10. Security and access control should be easily set up by the system administrator at an individual user level, defining which cost centres they can see, what areas of the budget they can update, which reports they can run and how their screens will be displayed. The administrator should also have the ability to define password policies and clone similar users.

Variety and choice should be empowering for businesses, not provide further complications and confusion. By knowing the right things to look for and the right questions to ask, you can ensure that you are getting exactly what you need within your price range.


Monday, 4 November 2013

idu Software – The secret to success



idu Software (Pty) Ltd  was founded in 1998 by Kevin Phillips, James Smith and Wayne Claasen with the intention of offering ERP consulting services. With degrees and diplomas in Commerce, Accounting, Financial Information Systems and IT specialising in commercial software development between them, they were perfectly positioned when opportunity knocked.
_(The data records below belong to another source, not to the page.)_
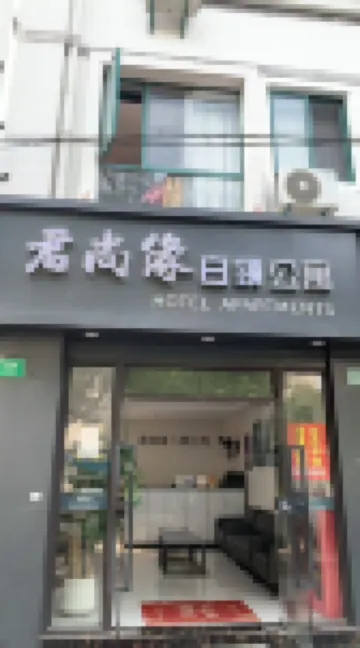 Junshangyuan White-collar Apartment (Sheshan Forest Park Branch) โรงแรมใกล้เฉอชาน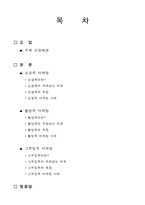 [마케팅사례] 싱글족, 웰빙족, 그루밍족 마케팅-2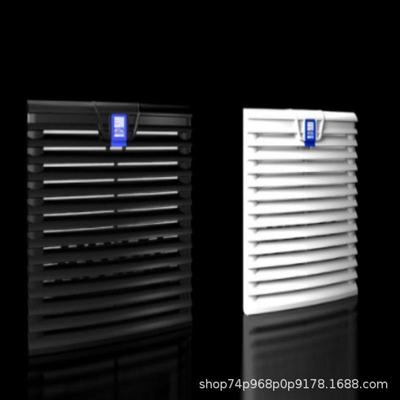 德国威图Rittal配盘过滤器风扇成套系统集成型号3237110包邮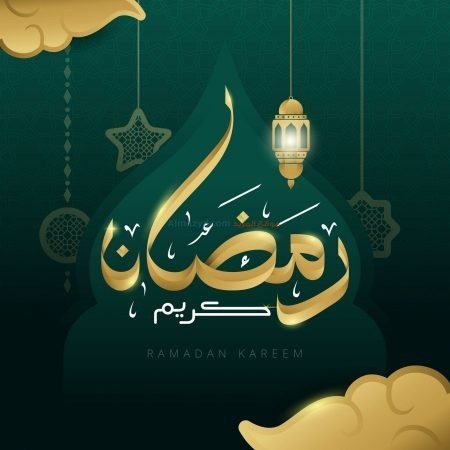 صور، رمضان مبارك، شهر رمضان، رمضان كريم، Photos , Ramadan Mubarak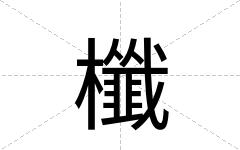 櫼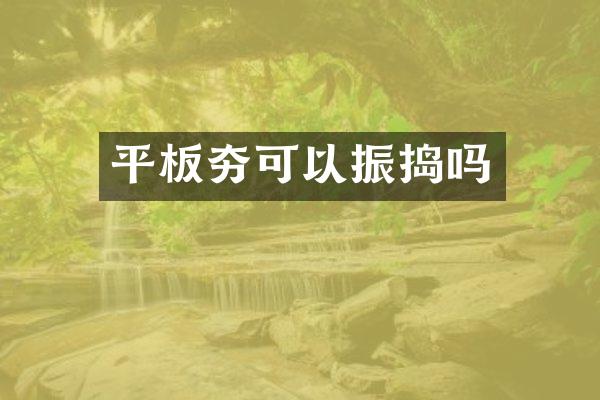 平板夯可以振捣吗
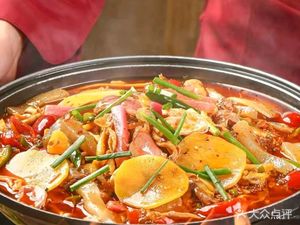 Sanmei Zigong Cuisine (Kuanzhai Alley Branch)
“One of our first clients asked us to develop a custom budgeting solution that interfaced directly with their underlying financial system and was also user friendly for non-financial staff,” says Kevin Phillips, founder, owner and CEO of idu. “We realised there were few dedicated budgeting tools available, and even fewer that were easy for staff outside the finance department to use. The solution we developed back then remains our core product offering today.”

idu Software grew to deliver a user friendly interface to budgeting and reporting around all standard Enterprise Resource Planning (ERP) and financial systems. Their core product idu-Concept has been designed to streamline management interaction with financial systems. Typical ERP systems are designed with accountants in mind and are generally not user-friendly for the non financial user. idu-Concept addresses this, establishing a platform of ownership and empowerment that leads to vast improvement in the effective management control in any business.

idu are well on their way to realising their vision to be the first choice for delivering accessible, easy to use budgeting, forecasting and reporting solutions for all users, and dominating locally while competing globally.